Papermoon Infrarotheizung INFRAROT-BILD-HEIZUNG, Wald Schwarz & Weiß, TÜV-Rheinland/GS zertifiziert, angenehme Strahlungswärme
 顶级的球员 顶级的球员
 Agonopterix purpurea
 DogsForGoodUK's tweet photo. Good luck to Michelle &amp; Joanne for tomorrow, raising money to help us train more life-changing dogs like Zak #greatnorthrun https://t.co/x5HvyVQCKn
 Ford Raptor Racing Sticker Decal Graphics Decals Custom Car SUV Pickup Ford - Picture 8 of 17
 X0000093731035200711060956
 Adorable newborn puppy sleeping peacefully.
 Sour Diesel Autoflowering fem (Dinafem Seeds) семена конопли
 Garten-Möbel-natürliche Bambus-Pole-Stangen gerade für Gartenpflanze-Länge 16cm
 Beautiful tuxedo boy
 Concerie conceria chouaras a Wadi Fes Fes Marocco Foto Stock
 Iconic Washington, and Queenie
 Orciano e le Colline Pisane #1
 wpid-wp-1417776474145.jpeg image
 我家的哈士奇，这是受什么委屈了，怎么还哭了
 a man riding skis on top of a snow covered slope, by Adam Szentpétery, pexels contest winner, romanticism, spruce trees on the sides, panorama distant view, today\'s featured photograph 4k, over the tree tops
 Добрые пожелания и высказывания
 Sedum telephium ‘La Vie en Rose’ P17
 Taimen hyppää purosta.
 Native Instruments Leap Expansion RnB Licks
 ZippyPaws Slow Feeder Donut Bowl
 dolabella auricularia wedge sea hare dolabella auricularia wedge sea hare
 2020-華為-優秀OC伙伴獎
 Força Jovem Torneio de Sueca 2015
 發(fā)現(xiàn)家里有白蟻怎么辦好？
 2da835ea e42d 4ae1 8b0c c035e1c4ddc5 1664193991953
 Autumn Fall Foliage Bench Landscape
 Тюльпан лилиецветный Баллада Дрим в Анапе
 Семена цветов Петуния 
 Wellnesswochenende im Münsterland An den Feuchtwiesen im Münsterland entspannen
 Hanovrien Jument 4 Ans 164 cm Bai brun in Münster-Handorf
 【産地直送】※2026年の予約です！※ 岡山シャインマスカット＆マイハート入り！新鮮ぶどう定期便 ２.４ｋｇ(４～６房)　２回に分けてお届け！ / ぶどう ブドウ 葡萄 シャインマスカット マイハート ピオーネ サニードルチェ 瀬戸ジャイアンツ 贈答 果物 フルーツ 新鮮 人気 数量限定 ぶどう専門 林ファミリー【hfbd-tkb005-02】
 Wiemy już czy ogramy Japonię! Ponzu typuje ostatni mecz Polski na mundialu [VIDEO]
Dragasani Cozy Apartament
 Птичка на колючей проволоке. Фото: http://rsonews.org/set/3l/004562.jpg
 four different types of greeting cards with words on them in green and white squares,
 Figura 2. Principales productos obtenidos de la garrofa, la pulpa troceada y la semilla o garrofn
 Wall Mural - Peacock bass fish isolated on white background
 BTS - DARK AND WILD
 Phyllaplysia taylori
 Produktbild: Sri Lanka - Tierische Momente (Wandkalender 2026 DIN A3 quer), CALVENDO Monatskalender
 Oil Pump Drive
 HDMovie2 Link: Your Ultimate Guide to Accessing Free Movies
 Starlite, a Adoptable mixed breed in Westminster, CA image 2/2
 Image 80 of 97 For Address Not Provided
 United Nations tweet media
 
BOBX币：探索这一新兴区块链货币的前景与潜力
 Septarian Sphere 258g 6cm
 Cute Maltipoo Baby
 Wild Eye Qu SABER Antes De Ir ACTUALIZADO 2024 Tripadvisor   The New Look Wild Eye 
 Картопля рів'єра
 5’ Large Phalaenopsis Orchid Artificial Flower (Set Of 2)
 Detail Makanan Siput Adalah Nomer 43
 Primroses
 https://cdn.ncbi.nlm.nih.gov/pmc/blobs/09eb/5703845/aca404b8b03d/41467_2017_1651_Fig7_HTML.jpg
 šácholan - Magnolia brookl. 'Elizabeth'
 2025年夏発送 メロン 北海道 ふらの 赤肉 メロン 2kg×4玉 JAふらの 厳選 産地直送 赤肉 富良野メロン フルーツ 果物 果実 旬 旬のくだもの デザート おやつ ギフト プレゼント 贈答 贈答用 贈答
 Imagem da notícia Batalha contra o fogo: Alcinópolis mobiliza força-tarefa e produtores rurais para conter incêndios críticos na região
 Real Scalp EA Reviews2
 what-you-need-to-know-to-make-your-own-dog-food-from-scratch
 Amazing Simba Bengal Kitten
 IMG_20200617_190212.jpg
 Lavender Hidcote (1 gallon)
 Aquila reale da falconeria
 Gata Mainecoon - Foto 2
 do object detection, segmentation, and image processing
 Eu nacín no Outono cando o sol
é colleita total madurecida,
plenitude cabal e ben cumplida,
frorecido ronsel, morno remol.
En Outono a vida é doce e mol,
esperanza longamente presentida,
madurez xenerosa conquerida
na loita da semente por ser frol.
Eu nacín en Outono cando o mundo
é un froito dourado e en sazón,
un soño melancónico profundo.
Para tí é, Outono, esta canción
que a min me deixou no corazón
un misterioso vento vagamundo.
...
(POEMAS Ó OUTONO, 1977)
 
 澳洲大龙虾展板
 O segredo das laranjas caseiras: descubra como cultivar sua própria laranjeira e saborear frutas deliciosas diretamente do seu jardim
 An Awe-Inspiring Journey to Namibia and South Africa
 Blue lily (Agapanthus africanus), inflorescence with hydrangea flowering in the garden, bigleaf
▬▬▬▬▬▬▬▬▬▬
■ What is being asked:
Which lines of the records above hold the word "tweet"? Copy each of them.

■ Expected answer:
 DogsForGoodUK's tweet photo. Good luck to Michelle &amp; Joanne for tomorrow, raising money to help us train more life-changing dogs like Zak #greatnorthrun https://t.co/x5HvyVQCKn
 United Nations tweet media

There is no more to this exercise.